**Dataset excerpt:**

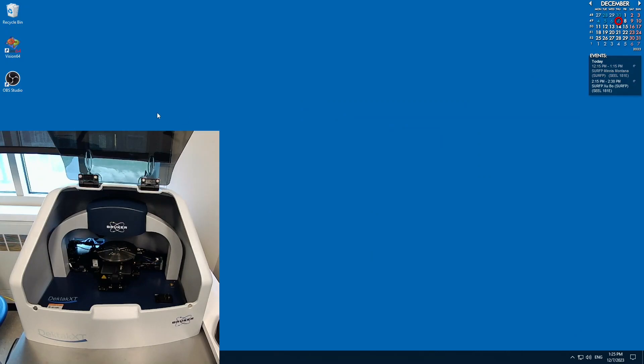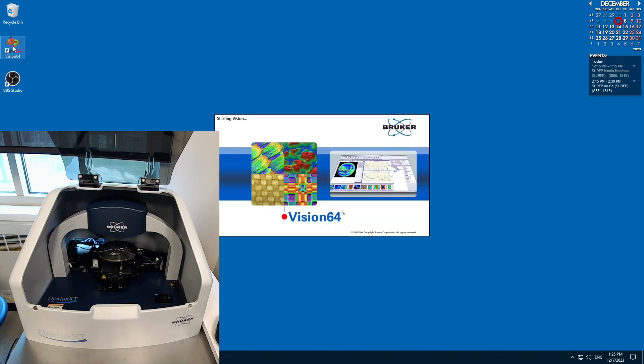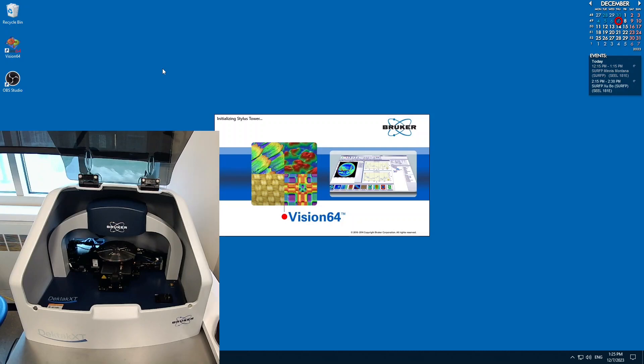Today we're going to show you how to use the Surface Profilometer. It's a Stylus Profilometer. Start by opening the Vision64 software on the desktop.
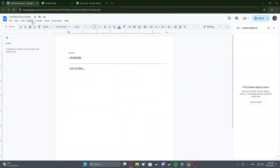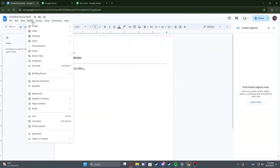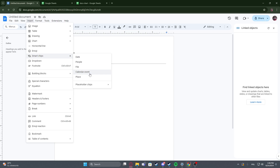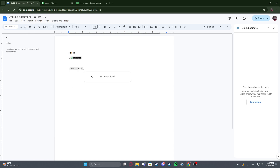To do this, first you will need to click on Insert, navigate to Smart Chips, then you'll be able to find Calendar Event. If you have that event already set up on your Google account, it should be available when you click on it right here.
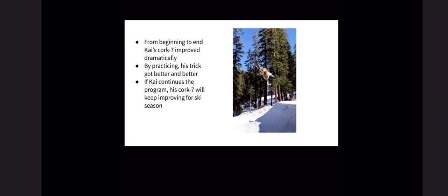Overall, Kai did a great job with the motion analysis and improvement of his cork 7. So I hope the practice on the trampoline will help him with his ski season and his competitions this year. Thank you!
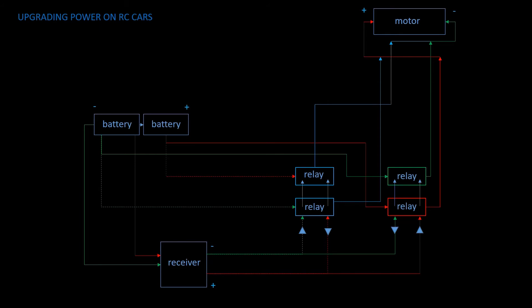I will also solder this scheme in real life and show you how it works. I will try to make a relay set connectable to the car and actually removable, mobile, so that I could apply these relays to different cars with different powers.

**Task objective:** Pictures excluded, repeat the material above from its first line through the line containing "To do this, first", both included.

**Exercise output:**
Today we're going to show you how to use the Surface Profilometer. It's a Stylus Profilometer. Start by opening the Vision64 software on the desktop.
To do this, first you will need to click on Insert, navigate to Smart Chips, then you'll be able to find Calendar Event. If you have that event already set up on your Google account, it should be available when you click on it right here.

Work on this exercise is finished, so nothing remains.